* Task directions *
If a line in the entries below holds the string "floors", copy it.

* Dataset items *

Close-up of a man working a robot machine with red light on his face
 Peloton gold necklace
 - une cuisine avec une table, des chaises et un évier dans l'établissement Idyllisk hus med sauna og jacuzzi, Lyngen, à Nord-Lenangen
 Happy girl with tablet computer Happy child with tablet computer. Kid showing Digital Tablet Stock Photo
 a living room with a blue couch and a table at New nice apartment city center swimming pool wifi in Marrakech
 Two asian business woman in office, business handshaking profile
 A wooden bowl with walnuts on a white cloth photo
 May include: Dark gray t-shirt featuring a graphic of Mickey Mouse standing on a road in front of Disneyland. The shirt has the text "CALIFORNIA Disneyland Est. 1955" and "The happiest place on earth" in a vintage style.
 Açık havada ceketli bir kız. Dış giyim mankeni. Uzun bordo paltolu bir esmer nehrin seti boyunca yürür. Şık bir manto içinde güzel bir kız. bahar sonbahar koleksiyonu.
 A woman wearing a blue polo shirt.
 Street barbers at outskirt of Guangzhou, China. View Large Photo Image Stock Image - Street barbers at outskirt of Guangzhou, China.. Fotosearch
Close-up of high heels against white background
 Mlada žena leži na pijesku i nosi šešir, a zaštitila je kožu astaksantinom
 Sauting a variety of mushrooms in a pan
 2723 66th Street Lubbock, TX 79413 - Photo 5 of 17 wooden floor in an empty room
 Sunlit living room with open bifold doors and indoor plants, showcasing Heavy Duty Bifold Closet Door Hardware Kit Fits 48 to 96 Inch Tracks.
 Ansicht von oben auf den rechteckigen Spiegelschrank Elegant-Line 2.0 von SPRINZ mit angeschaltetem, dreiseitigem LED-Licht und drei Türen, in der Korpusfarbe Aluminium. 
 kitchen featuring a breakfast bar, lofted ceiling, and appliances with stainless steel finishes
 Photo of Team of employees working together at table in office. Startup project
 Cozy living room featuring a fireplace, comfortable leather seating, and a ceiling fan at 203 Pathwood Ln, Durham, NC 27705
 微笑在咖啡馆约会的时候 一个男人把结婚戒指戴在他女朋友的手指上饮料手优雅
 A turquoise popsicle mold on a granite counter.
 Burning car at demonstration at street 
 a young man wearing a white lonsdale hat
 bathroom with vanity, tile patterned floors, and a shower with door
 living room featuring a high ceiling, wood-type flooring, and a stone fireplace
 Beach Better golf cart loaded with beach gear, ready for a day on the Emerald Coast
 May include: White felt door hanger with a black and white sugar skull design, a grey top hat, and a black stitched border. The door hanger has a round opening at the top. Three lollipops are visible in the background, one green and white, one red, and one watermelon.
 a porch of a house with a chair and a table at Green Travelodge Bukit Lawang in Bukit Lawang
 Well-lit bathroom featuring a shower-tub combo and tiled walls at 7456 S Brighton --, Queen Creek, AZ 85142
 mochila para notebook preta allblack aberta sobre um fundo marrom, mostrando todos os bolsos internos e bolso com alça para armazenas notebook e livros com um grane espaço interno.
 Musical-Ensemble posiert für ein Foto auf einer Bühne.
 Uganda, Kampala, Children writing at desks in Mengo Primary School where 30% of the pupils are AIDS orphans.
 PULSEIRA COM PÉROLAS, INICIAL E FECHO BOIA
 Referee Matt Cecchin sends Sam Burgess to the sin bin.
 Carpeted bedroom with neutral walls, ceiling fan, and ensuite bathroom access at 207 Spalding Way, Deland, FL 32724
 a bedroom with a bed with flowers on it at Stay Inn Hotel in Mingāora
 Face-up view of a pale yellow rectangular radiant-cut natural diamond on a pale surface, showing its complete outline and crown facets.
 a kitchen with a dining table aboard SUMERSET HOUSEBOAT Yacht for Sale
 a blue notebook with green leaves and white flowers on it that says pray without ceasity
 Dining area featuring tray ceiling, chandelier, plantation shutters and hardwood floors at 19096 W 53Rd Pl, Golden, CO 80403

* Exercise response *
 bathroom with vanity, tile patterned floors, and a shower with door
 Dining area featuring tray ceiling, chandelier, plantation shutters and hardwood floors at 19096 W 53Rd Pl, Golden, CO 80403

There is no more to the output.